Activity » Each entry below should appear again exactly as written, without pictures.

★ ★ ★ ★ ★ ★ ★

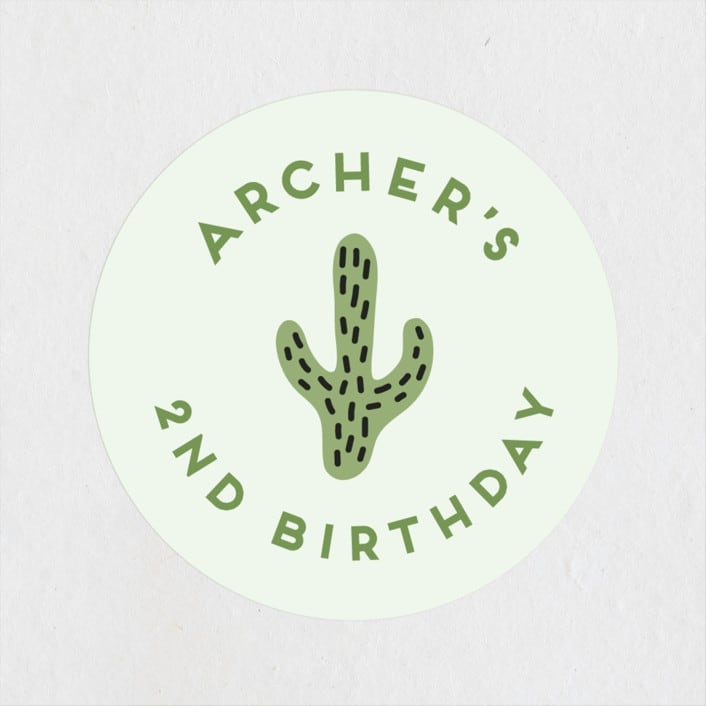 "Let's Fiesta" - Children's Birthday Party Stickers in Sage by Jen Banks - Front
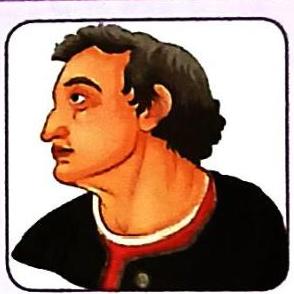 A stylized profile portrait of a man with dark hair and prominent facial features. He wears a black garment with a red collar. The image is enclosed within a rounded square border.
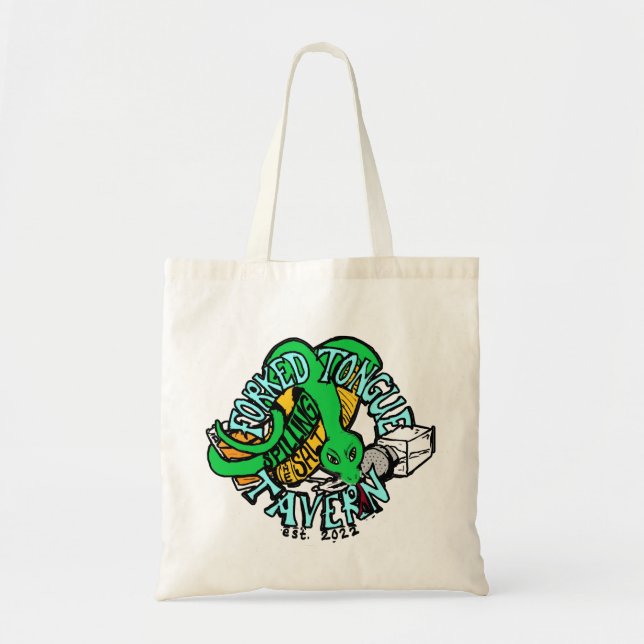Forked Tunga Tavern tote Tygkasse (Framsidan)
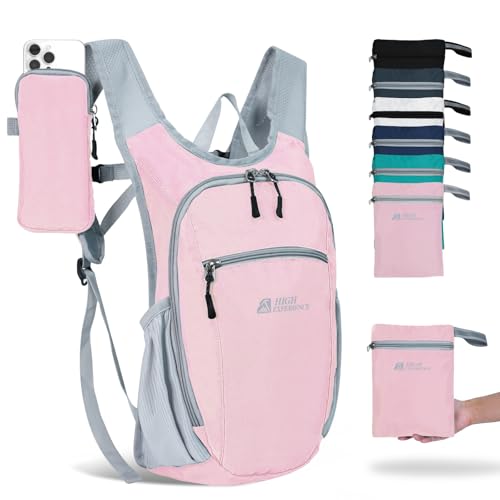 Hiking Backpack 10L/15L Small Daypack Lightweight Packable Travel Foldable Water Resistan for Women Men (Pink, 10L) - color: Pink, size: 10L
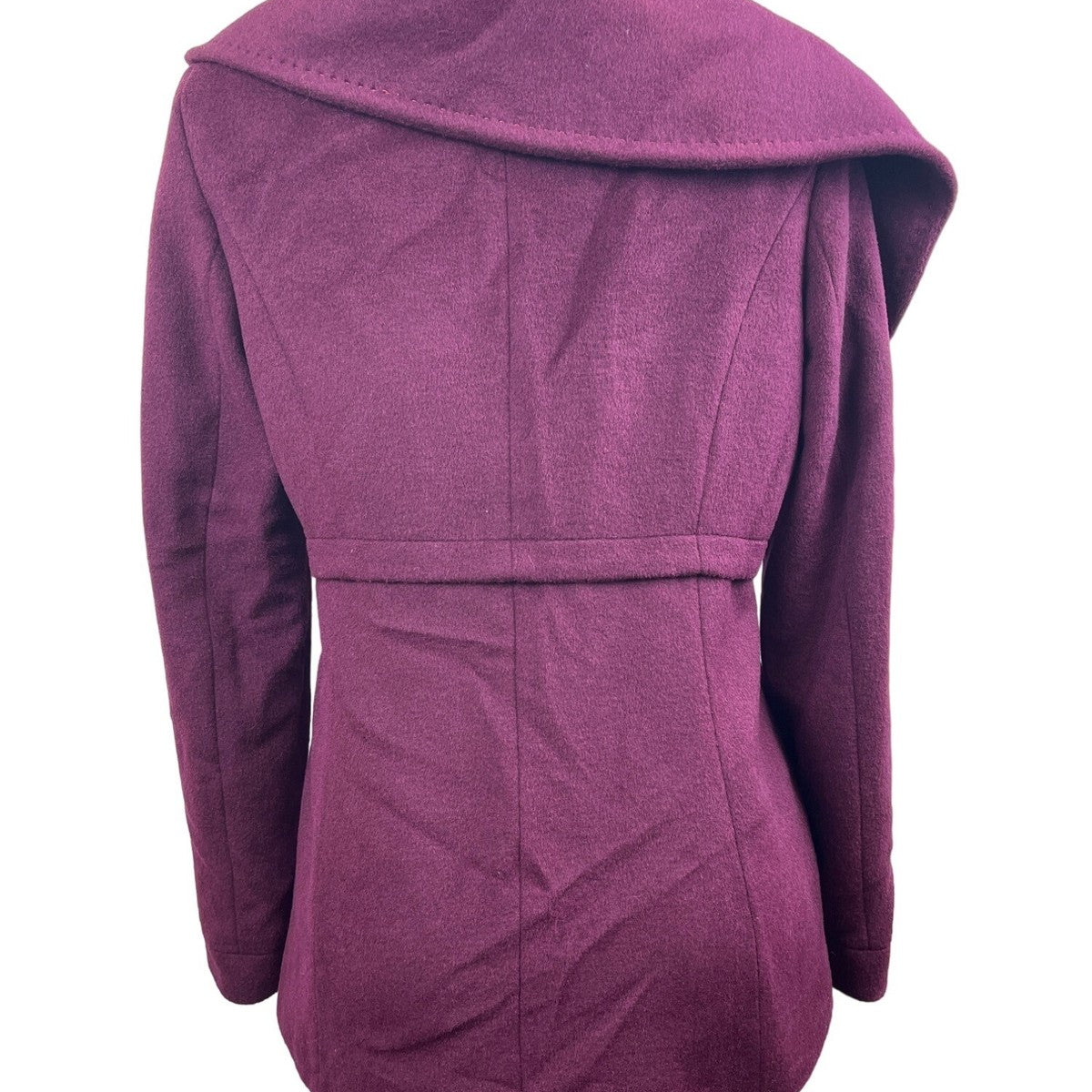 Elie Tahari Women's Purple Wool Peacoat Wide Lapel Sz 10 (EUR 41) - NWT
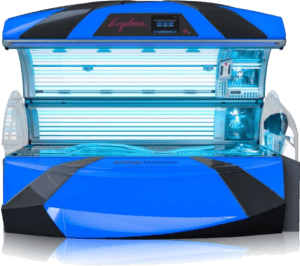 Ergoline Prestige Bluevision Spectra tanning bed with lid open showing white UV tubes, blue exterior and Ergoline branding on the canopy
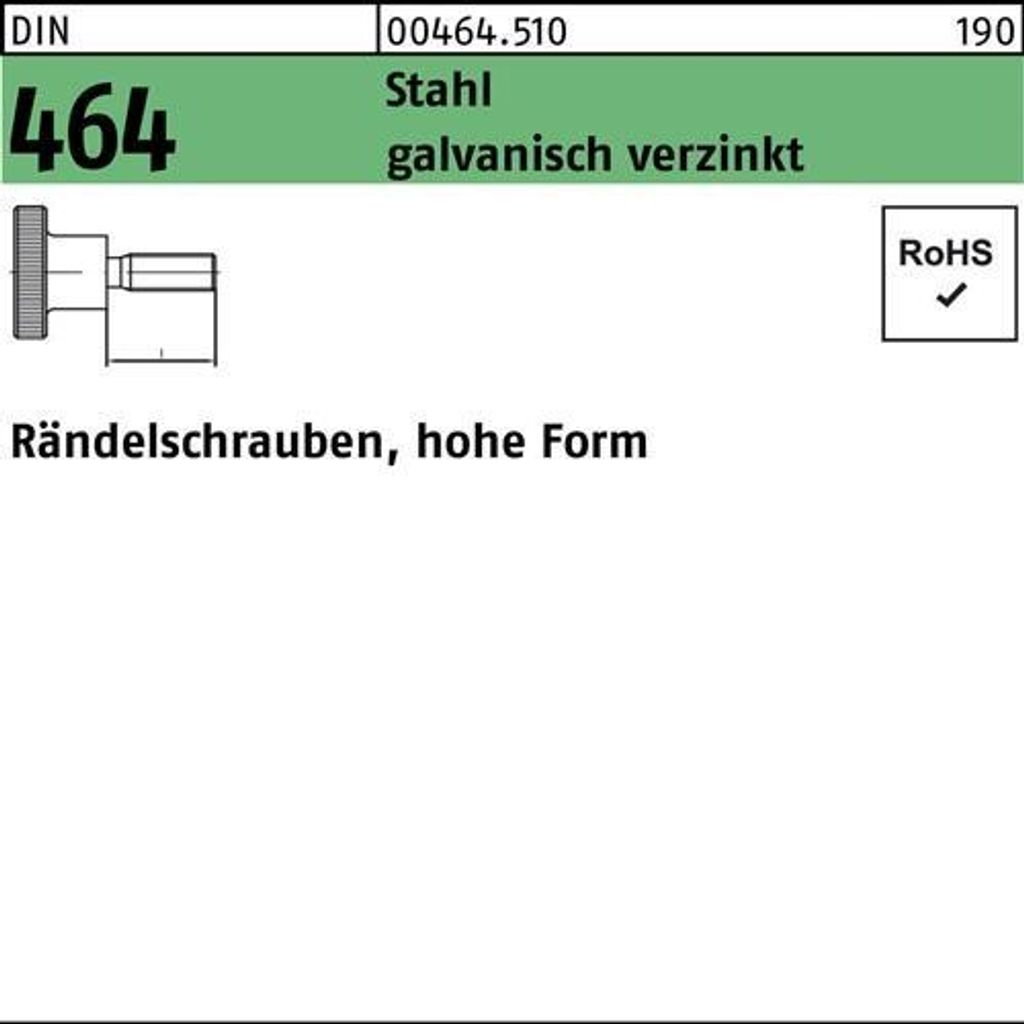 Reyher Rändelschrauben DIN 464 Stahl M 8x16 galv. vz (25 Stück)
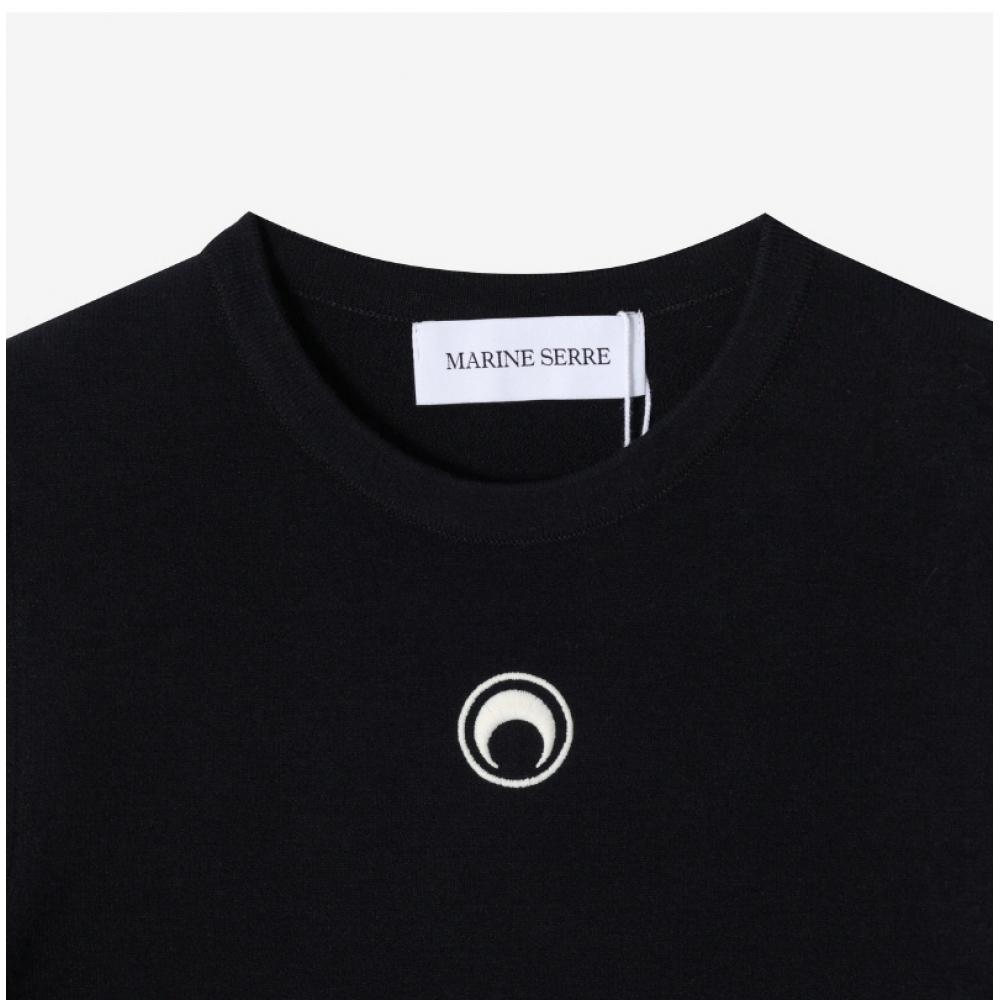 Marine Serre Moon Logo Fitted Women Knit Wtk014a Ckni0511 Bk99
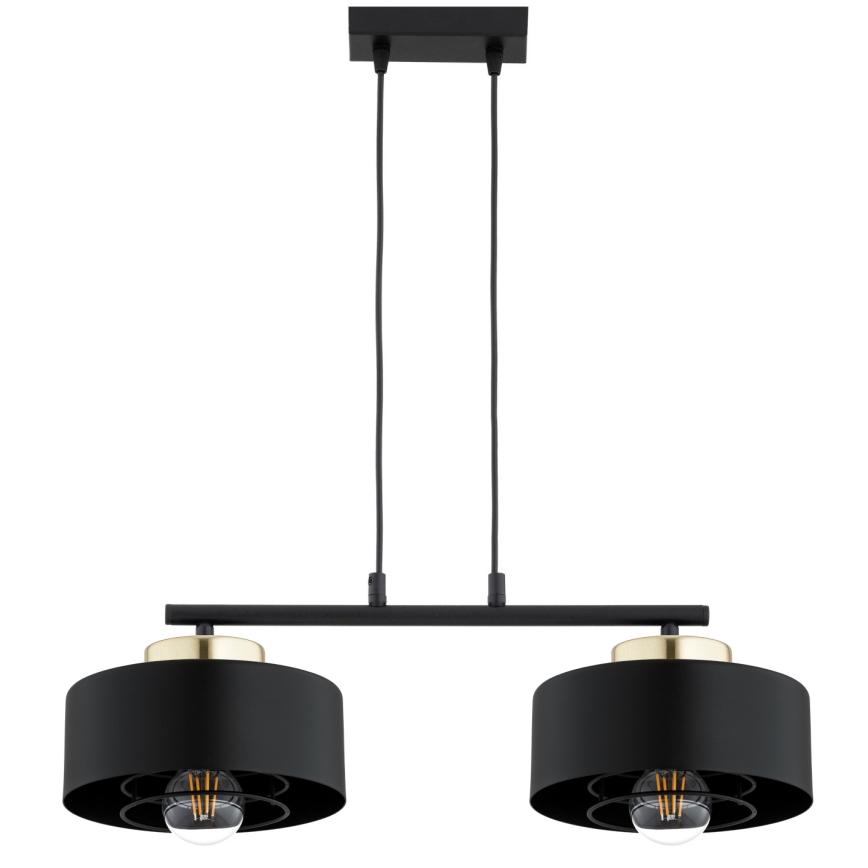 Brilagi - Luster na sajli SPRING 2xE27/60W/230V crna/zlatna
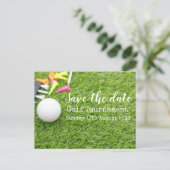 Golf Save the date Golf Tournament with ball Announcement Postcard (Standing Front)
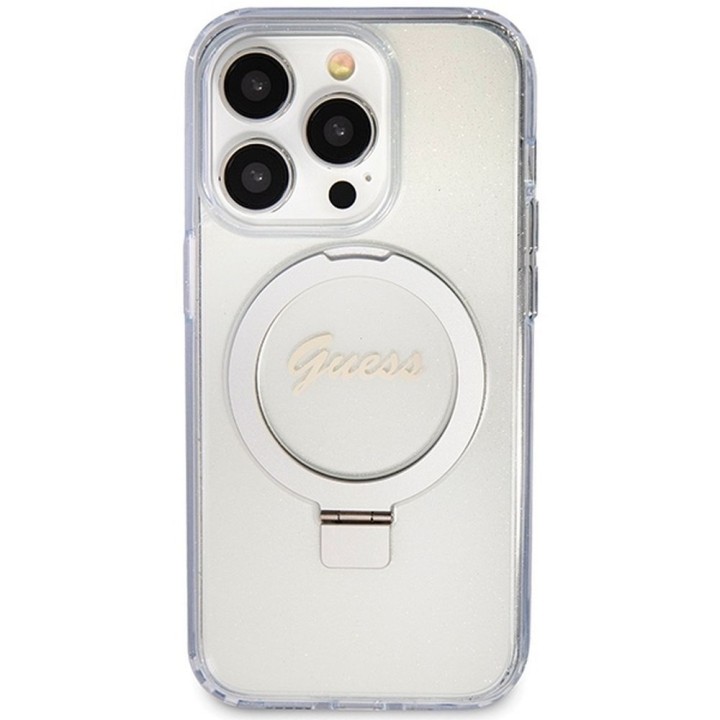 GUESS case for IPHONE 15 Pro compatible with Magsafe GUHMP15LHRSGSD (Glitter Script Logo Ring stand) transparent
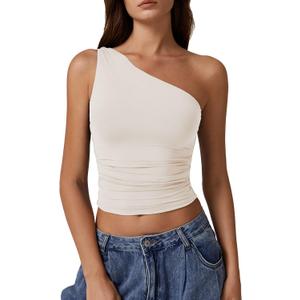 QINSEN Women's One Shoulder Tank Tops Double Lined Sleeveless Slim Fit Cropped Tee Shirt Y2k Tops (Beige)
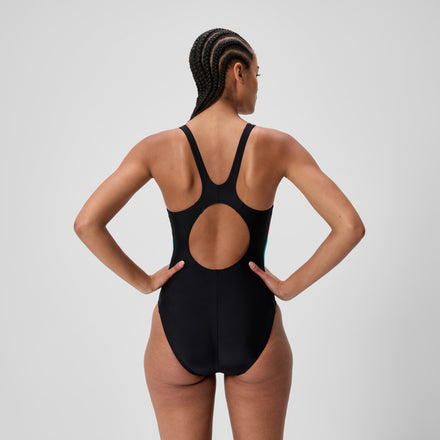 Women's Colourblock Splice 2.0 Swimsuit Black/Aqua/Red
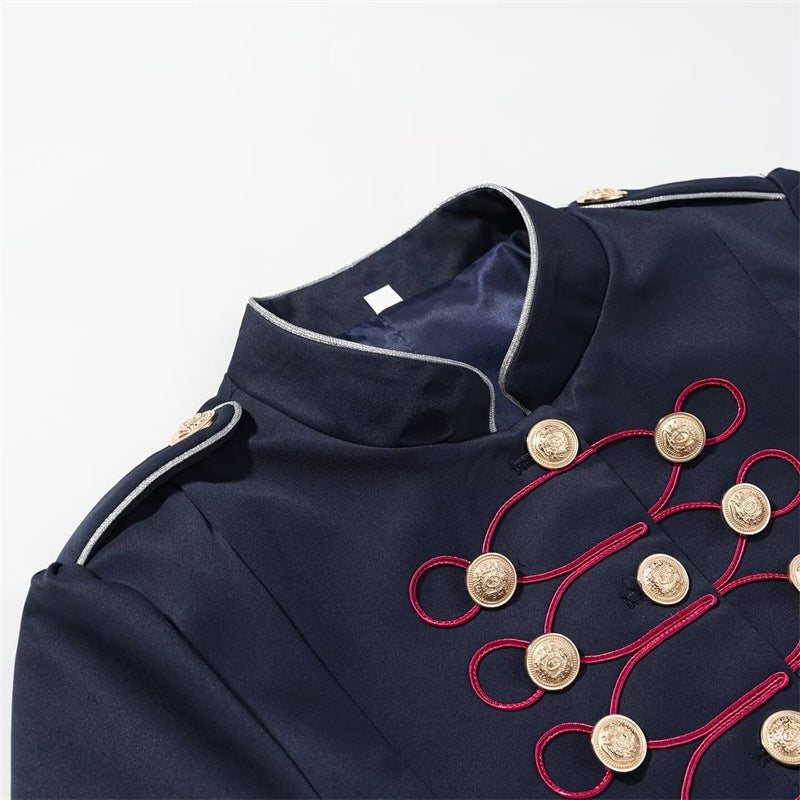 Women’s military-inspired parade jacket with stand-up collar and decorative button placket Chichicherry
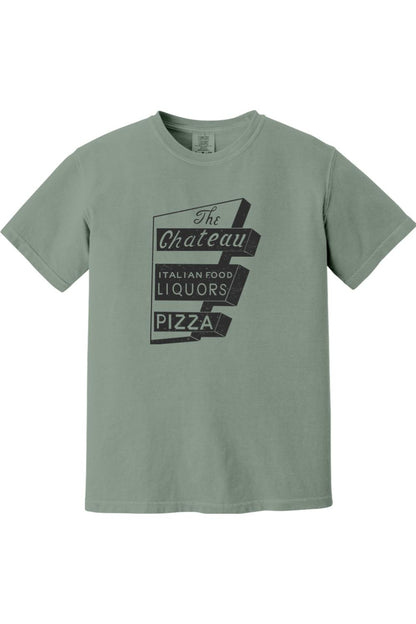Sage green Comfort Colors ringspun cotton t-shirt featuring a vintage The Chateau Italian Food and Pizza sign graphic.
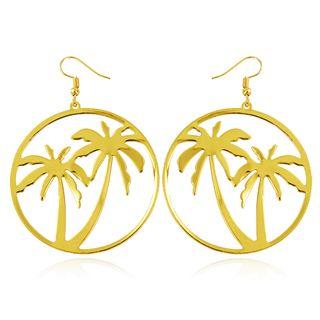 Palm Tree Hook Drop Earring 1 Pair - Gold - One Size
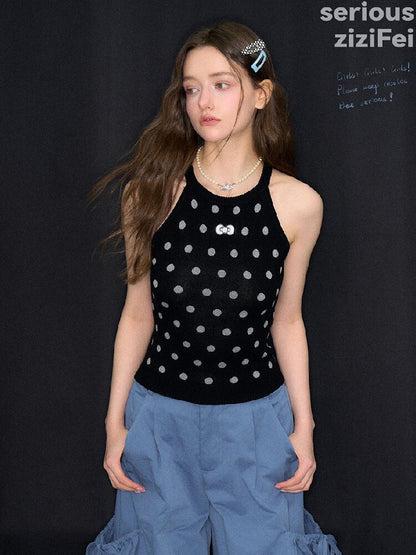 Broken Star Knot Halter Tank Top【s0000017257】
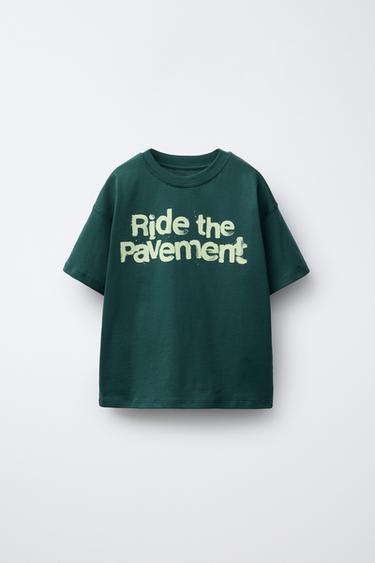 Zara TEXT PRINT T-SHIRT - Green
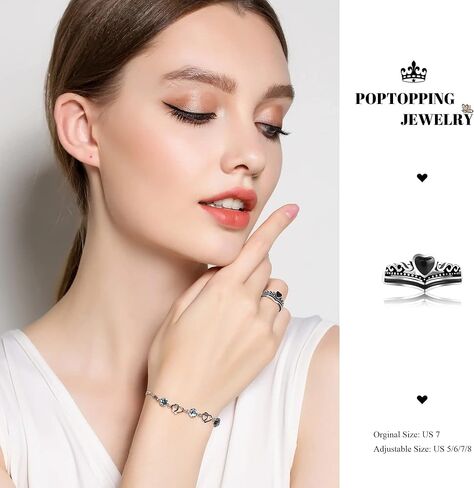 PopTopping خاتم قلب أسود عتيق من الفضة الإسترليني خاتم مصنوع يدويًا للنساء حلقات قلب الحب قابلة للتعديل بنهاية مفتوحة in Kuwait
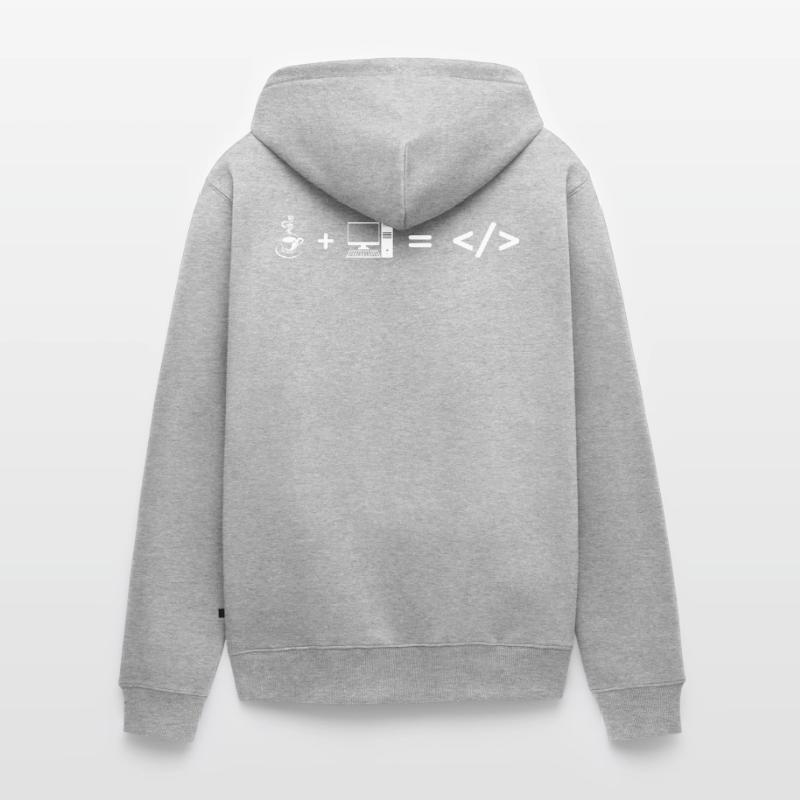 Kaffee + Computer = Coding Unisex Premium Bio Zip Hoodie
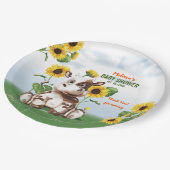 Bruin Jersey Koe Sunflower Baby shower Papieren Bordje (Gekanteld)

★ ★ ★ ★ ★ ★ ★

Exercise output »
 "Let's Fiesta" - Children's Birthday Party Stickers in Sage by Jen Banks - Front
 A stylized profile portrait of a man with dark hair and prominent facial features. He wears a black garment with a red collar. The image is enclosed within a rounded square border.
Forked Tunga Tavern tote Tygkasse (Framsidan)
 Hiking Backpack 10L/15L Small Daypack Lightweight Packable Travel Foldable Water Resistan for Women Men (Pink, 10L) - color: Pink, size: 10L
 Elie Tahari Women's Purple Wool Peacoat Wide Lapel Sz 10 (EUR 41) - NWT
 Ergoline Prestige Bluevision Spectra tanning bed with lid open showing white UV tubes, blue exterior and Ergoline branding on the canopy
 Reyher Rändelschrauben DIN 464 Stahl M 8x16 galv. vz (25 Stück)
 Marine Serre Moon Logo Fitted Women Knit Wtk014a Ckni0511 Bk99
 Brilagi - Luster na sajli SPRING 2xE27/60W/230V crna/zlatna
 Golf Save the date Golf Tournament with ball Announcement Postcard (Standing Front)
 GUESS case for IPHONE 15 Pro compatible with Magsafe GUHMP15LHRSGSD (Glitter Script Logo Ring stand) transparent
 QINSEN Women's One Shoulder Tank Tops Double Lined Sleeveless Slim Fit Cropped Tee Shirt Y2k Tops (Beige)
 Women's Colourblock Splice 2.0 Swimsuit Black/Aqua/Red
 Women’s military-inspired parade jacket with stand-up collar and decorative button placket Chichicherry
Sage green Comfort Colors ringspun cotton t-shirt featuring a vintage The Chateau Italian Food and Pizza sign graphic.
 Palm Tree Hook Drop Earring 1 Pair - Gold - One Size
 Broken Star Knot Halter Tank Top【s0000017257】
 Zara TEXT PRINT T-SHIRT - Green
 PopTopping خاتم قلب أسود عتيق من الفضة الإسترليني خاتم مصنوع يدويًا للنساء حلقات قلب الحب قابلة للتعديل بنهاية مفتوحة in Kuwait
 Kaffee + Computer = Coding Unisex Premium Bio Zip Hoodie
 Bruin Jersey Koe Sunflower Baby shower Papieren Bordje (Gekanteld)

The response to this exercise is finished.